Three days after Phoenix fell, Worridge had suited up and gone tramping through what remained of a city that had once been home to over thirty million souls: tangled skeins of steel and concrete poking at odd angles through a dense smog layer of sulfur dioxide and methane; sidewalks and sewers choked with the bodies of literally millions of animals and insects that crunched and squelched underfoot. And there were people: in mounds, struck down in mid-run, locked in a last embrace. The bloated corpses were rotting, green veins worming through skin and black purge fluid coursing from nose, mouth and ears.

Worridge didn’t know why she chose the park. Maybe she thought the park would be soothing. It wasn’t. The trees were denuded, the grass a desert brown, and the artery of a river that had flowed through the park’s heart was choked with a silver mat of dead fish.

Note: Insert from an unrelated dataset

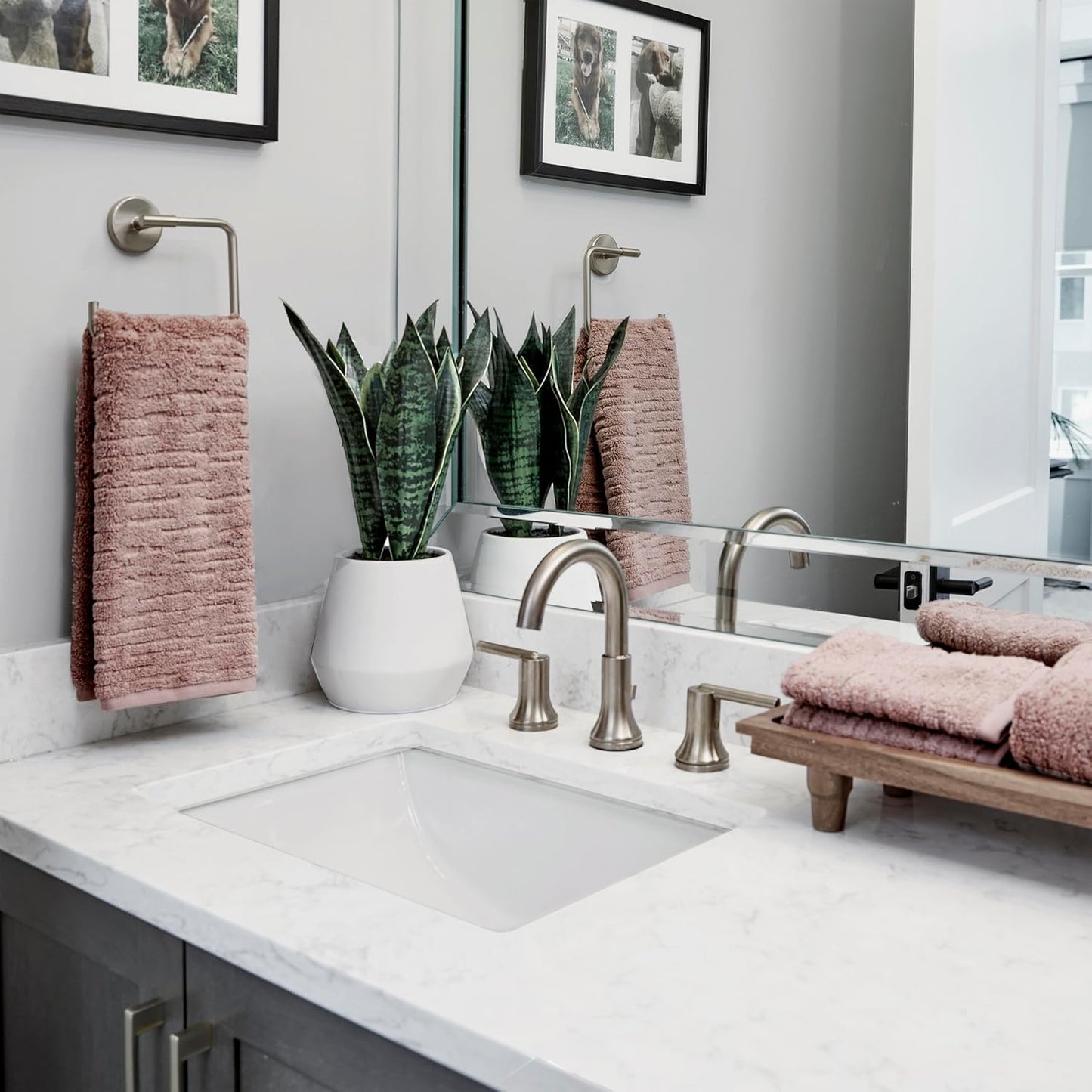 SKL Home CloudSoft Cotton Luxury 2-Piece Hand Towel Set, Clay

That’s where she found them, at the river’s edge; a mother and daughter; the girl’s arms clasped around her mother’s neck and the mother hugging the child to her breast. The girl had blond curls matted flat with dried blood that had boiled out of the mother’s mouth. Mercifully, their eyes were closed. They lay on their sides atop a blue blanket. The remains of their last meal, sandwiches and, maybe, potato salad, had been reduced to a sludgy mess.

Now, Worridge pushed food around in her blue-and-white ceramic bowl before pinching a beet-red sliver of braised burdock between her chopsticks. Normally, she enjoyed Kinpira-goba, but the limp strip of vegetable resembled a piece of raw liver—no, no, more the rusted blood caked onto the girl’s head.

A voice, male, a little slurry around the edges: “Something bothering you, Worridge?”

She looked up to lock eyes with Sakamoto, who sat opposite across an expanse of low table loaded with dishes. Sakamoto always ate well the evening before a campaign, and tonight was no exception. A myriad of delicacies littered the table. He was chewing with gusto, and she was suddenly repulsed. Replacing the braised vegetable in her bowl, she laid her chopsticks on their rest and folded her hands in her lap. “Tai-shu, I think the time is right for us… for you to discuss our future plans with the coordinator.”